Bescheidener Zocker
Der aktuelle Pokerweltmeister kommt aus Deutschland. Familienvater Hossein Ensan könnte im Luxus schwelgen. Das will der Münsteraner aber nicht
Münster/Las Vegas Mit dem Ferrari durch Münster kreuzen? Das ist nichts für Hossein Ensan. Dazu ist er zu bescheiden. Der nach Pius Heinz, 2011, zweite deutsche Pokerweltmeister ist aus den USA zurückgekehrt und genießt im Münsterland seinen Erfolg. Mitte Juli hatte der 55-jährige Deutsch-Iraner im Finale der World Series of Poker (WSOP) in Las Vegas als Sieger zehn Millionen US-Dollar Preisgeld eingestrichen.
Was er mit den umgerechnet 8,9 Millionen Euro machen will, ist noch offen. Zuerst wolle er abwarten, wie viel an das Finanzamt in Deutschland fließt. „Ich werde einen Teil des Gewinns an jemanden spenden, der sich um kranke Kinder oder Bildung kümmert“, sagt er. „Ich habe keine großen Pläne. Ich bleibe in Münster, ich fühle mich hier sehr wohl.“Der Pokerweltmeister lebt mit Frau und Kind in einem Stadtteil im Norden der westfälischen 314 000-Einwohner-Stadt. Neben dem Preisgeld erhielt Ensan das begehrte goldene Armband – vergleichbar mit dem WM-Pokal beim Fußball. „Das liegt allerdings nicht bei mir zu Hause in Münster, sondern gut gesichert in einem Schließfach.“
In der Szene ist er kein Unbekannter. „Ich war Europameister. Habe schon zuvor Preise gewonnen. Dennoch war das jetzt eine richtig große Sache“, sagt Ensan über seinen Erfolg in Las Vegas. Dieser müsse nun verwaltet werden. „Auf dem Konto in Deutschland ist das Geld noch nicht.“Es befinde sich noch in den USA.
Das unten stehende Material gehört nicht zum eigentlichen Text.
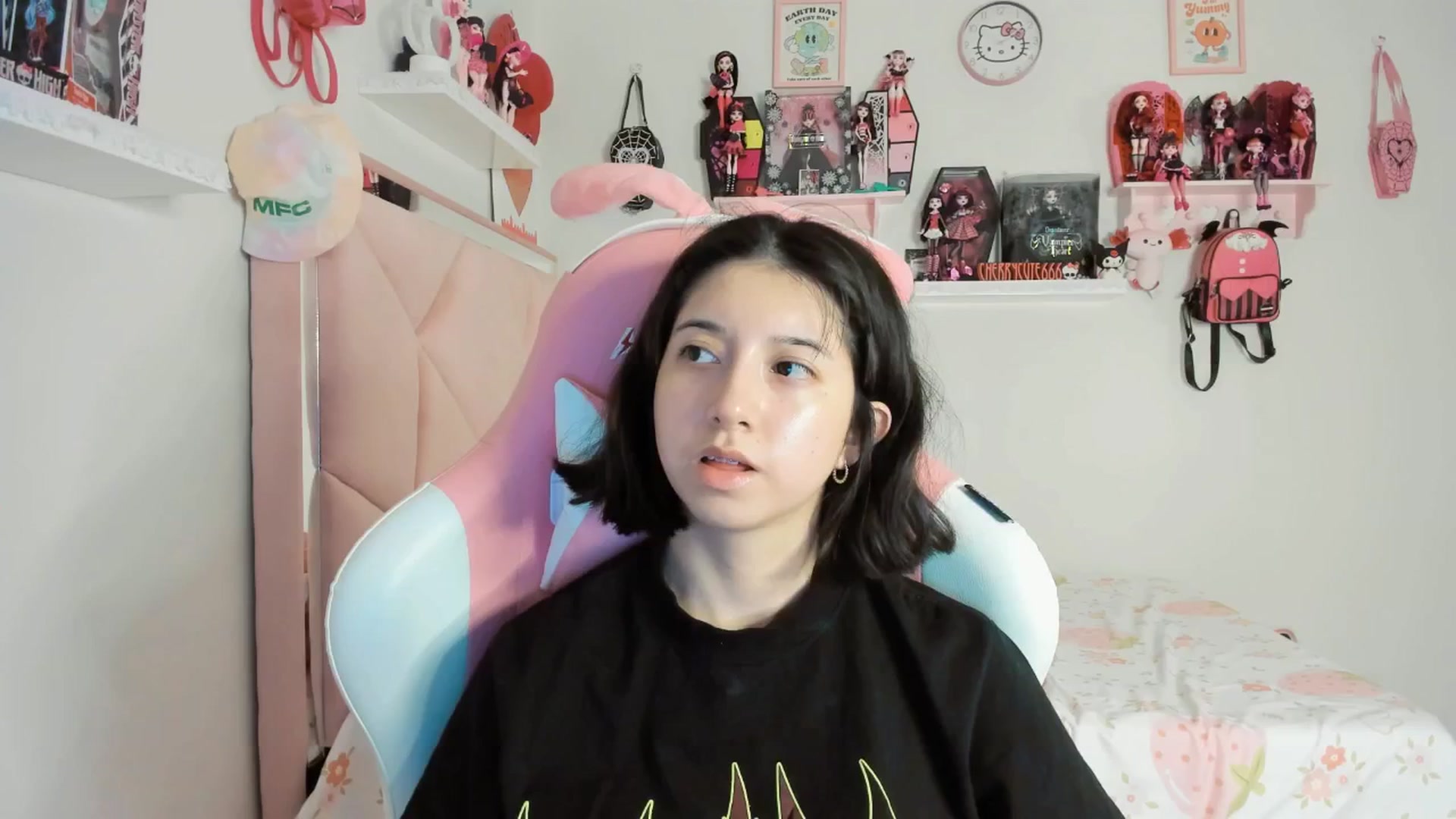 Gallery image thumbnail from Cherrycute666's myfreecams stream on, 05/15/2025, 05:13 image 4 of 20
„Zu einem Profi-Spieler gehören aber nicht nur die Turniere. In der übrigen Zeit halte ich mich körperlich fit. Wenn man einen gesunden Körper hat, trifft man bessere Entscheidungen.“Zum Training gehöre auch das Analysieren von „Händen“, also das, was der Pokerspieler als Karten in der Hand hat und was auf dem Tisch liegt. Das mache er immer zusammen mit Freunden. „Der Trubel in den USA war ähnlich wie jetzt hier. Wenn du Erfolg hast, wollen alle mir dir ein Foto machen“, sagt Ensan.
Einst wanderte er aus Neugierde aus dem Iran aus. Erst verschlug es ihn nach Süddeutschland, dann wollte er an der Fachhochschule in Münster Bauingenieurwesen studieren. „Stattdessen wurde ich aber Pokerspieler“, sagt er.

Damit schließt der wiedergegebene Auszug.